INPUT DATA:
--- START ---
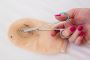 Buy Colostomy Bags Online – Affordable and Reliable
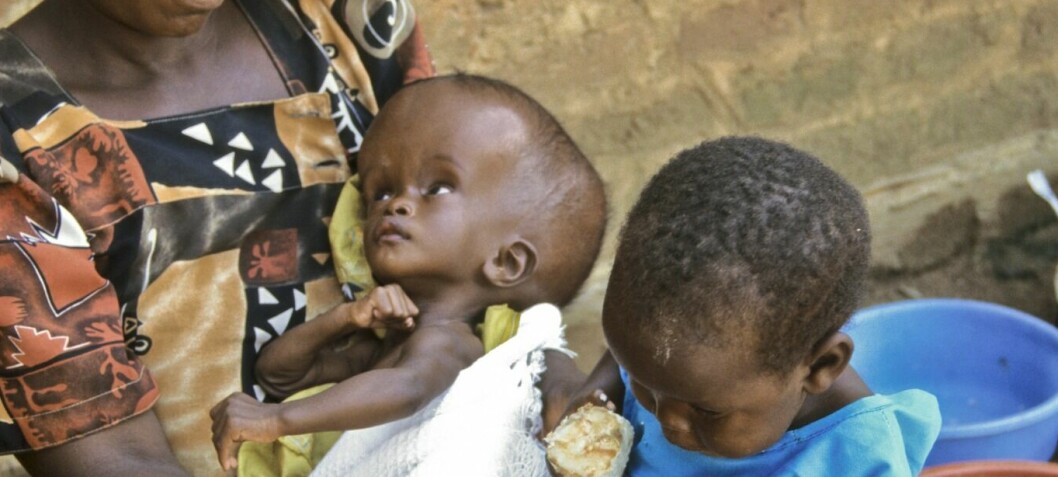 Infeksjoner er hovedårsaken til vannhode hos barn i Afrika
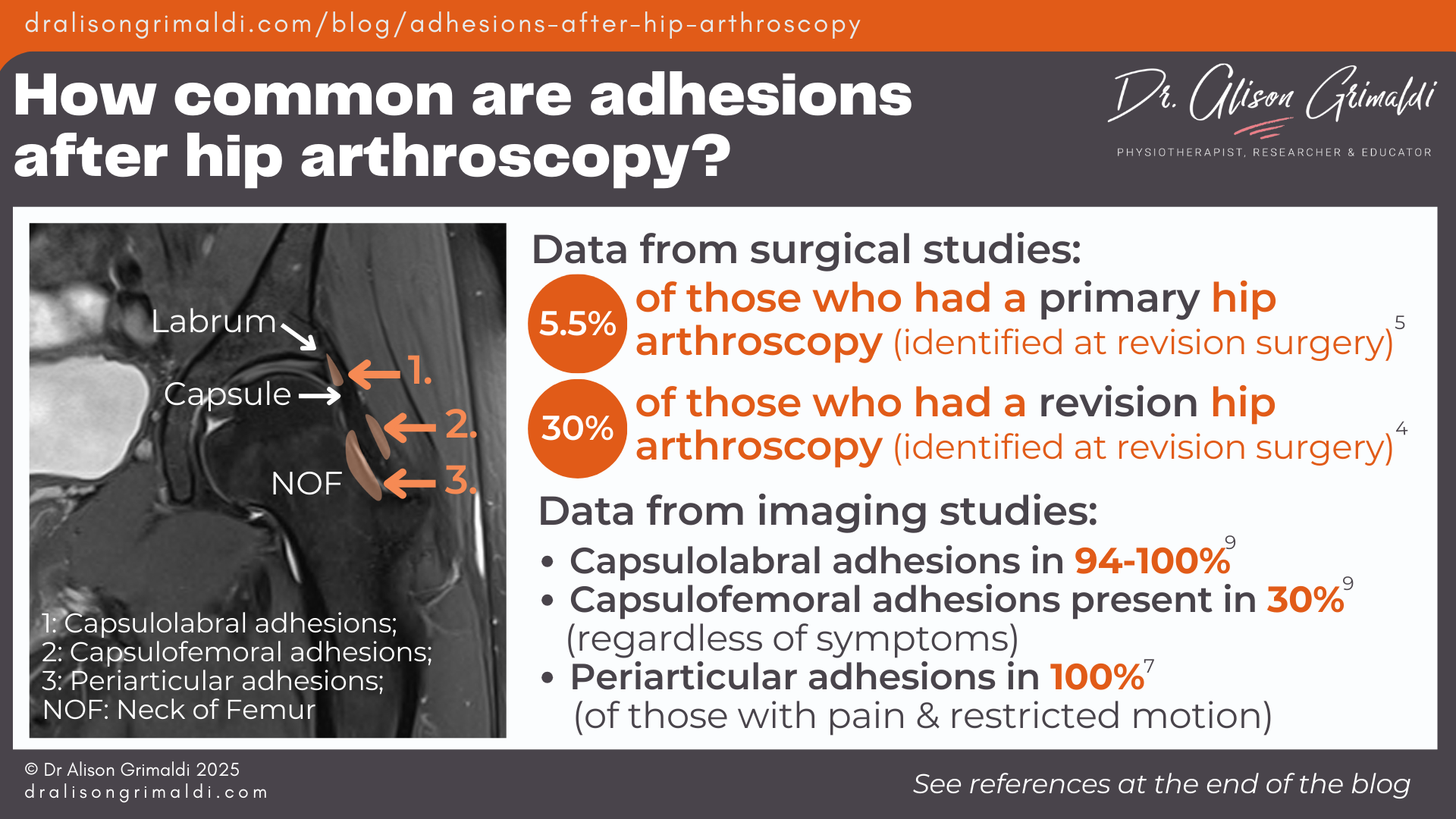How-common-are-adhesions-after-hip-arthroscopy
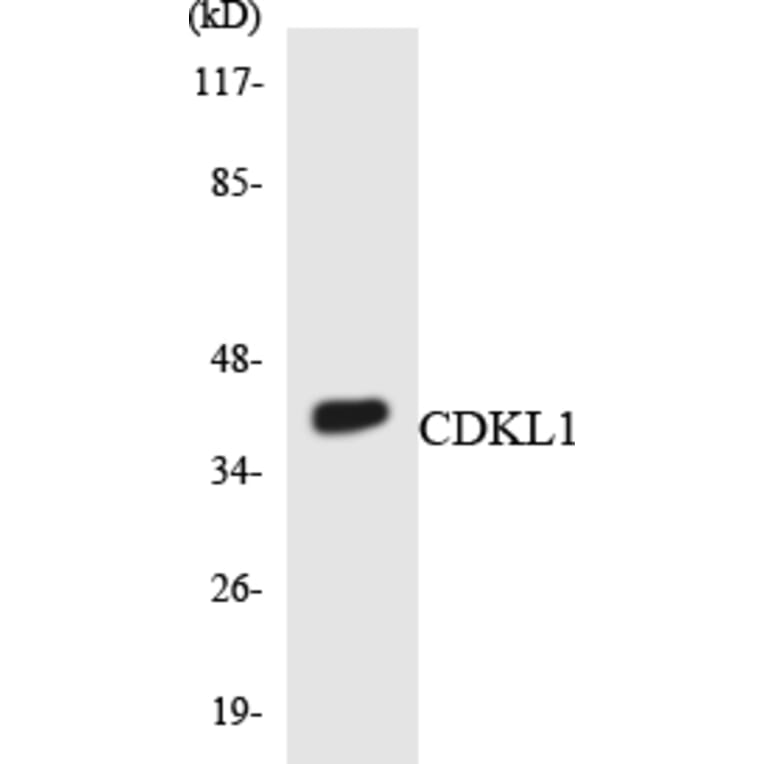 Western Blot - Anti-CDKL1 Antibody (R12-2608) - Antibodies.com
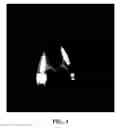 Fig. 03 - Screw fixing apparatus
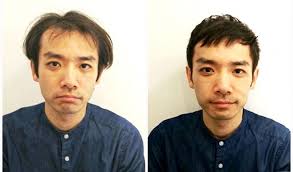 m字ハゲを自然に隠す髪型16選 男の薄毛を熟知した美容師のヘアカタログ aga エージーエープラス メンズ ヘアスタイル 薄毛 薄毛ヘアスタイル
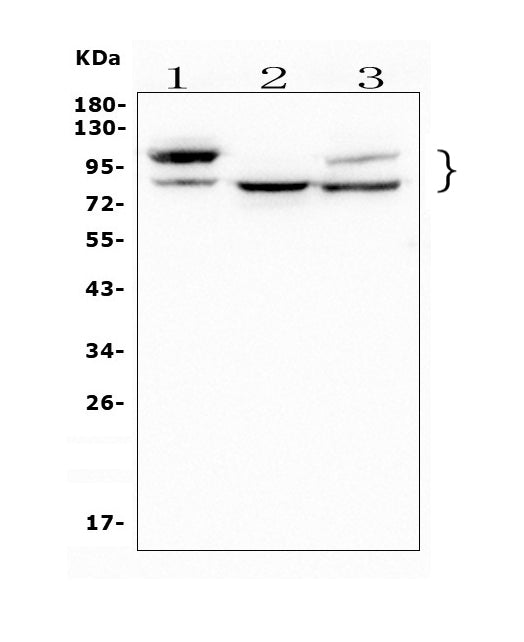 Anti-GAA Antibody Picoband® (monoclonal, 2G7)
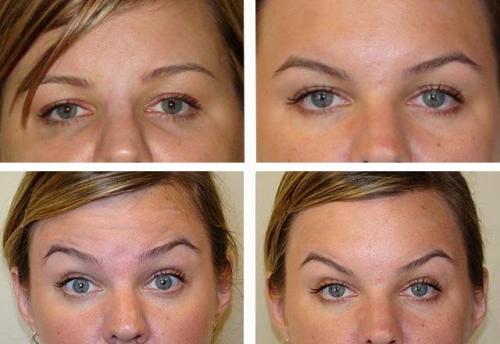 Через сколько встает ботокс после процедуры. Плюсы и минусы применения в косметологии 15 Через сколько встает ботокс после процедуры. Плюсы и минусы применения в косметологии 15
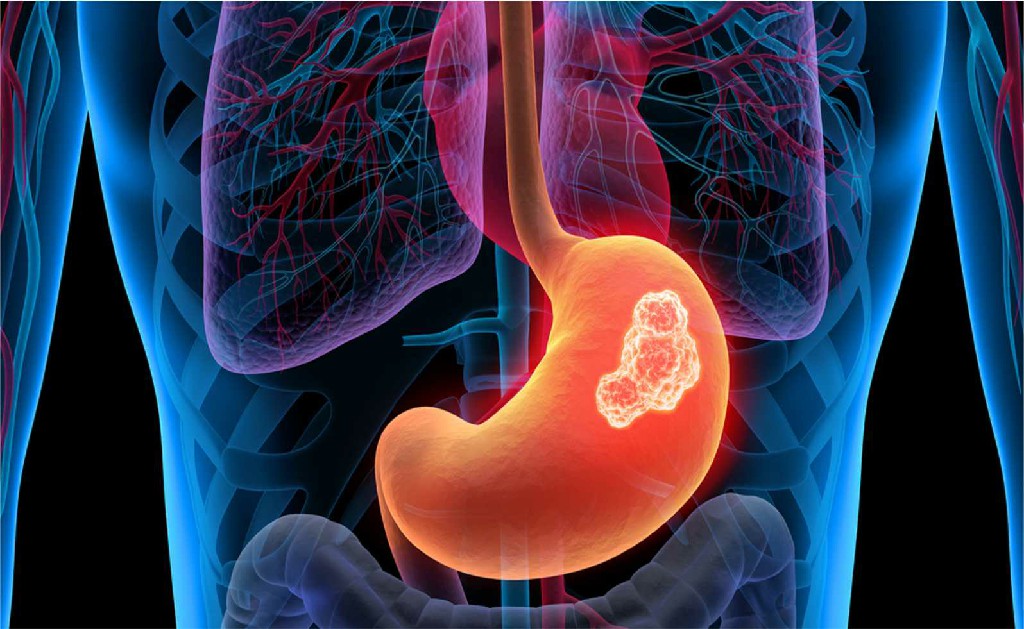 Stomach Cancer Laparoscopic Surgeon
--- END ---
--- START ---
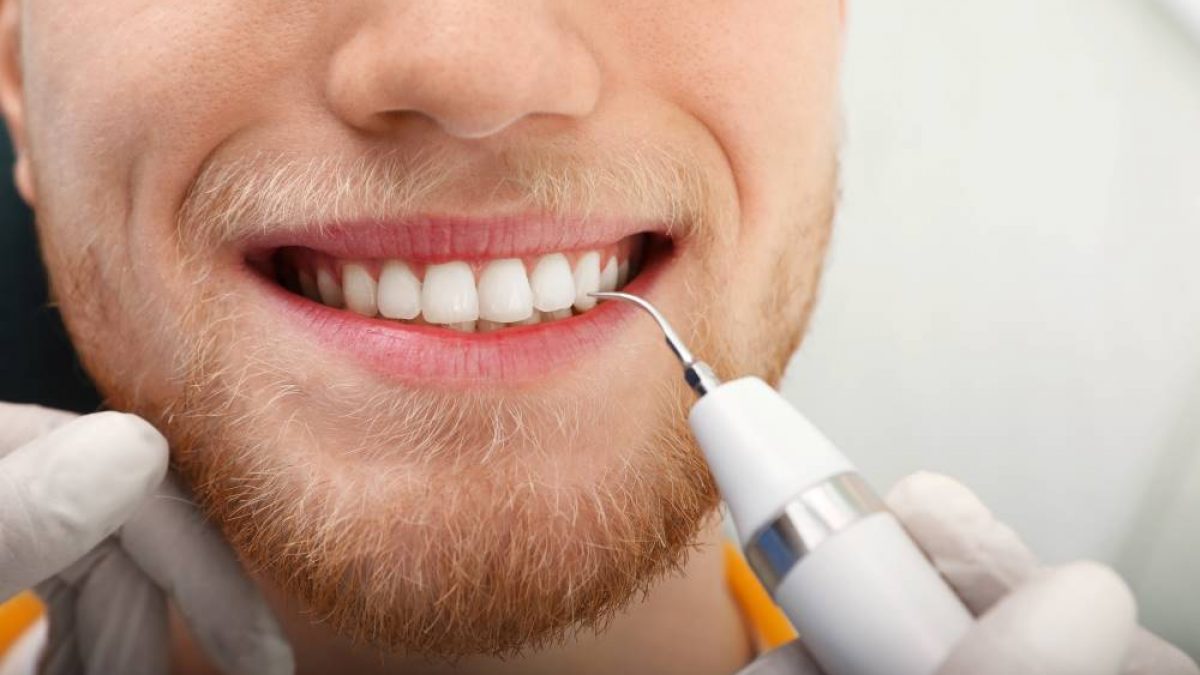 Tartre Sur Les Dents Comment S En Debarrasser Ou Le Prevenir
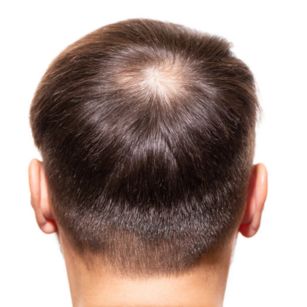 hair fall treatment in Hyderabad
--- END ---
--- START ---
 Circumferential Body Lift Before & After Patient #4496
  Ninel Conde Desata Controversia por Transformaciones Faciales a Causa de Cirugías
--- END ---
Whatever pictures the records hold, omit them; give again exactly the lines from the one containing "Western Blot - Anti-CDKL1" through the one containing "Stomach Cancer Laparoscopic Surgeon".

 Western Blot - Anti-CDKL1 Antibody (R12-2608) - Antibodies.com
 Fig. 03 - Screw fixing apparatus
 m字ハゲを自然に隠す髪型16選 男の薄毛を熟知した美容師のヘアカタログ aga エージーエープラス メンズ ヘアスタイル 薄毛 薄毛ヘアスタイル
 Anti-GAA Antibody Picoband® (monoclonal, 2G7)
 Через сколько встает ботокс после процедуры. Плюсы и минусы применения в косметологии 15 Через сколько встает ботокс после процедуры. Плюсы и минусы применения в косметологии 15
 Stomach Cancer Laparoscopic Surgeon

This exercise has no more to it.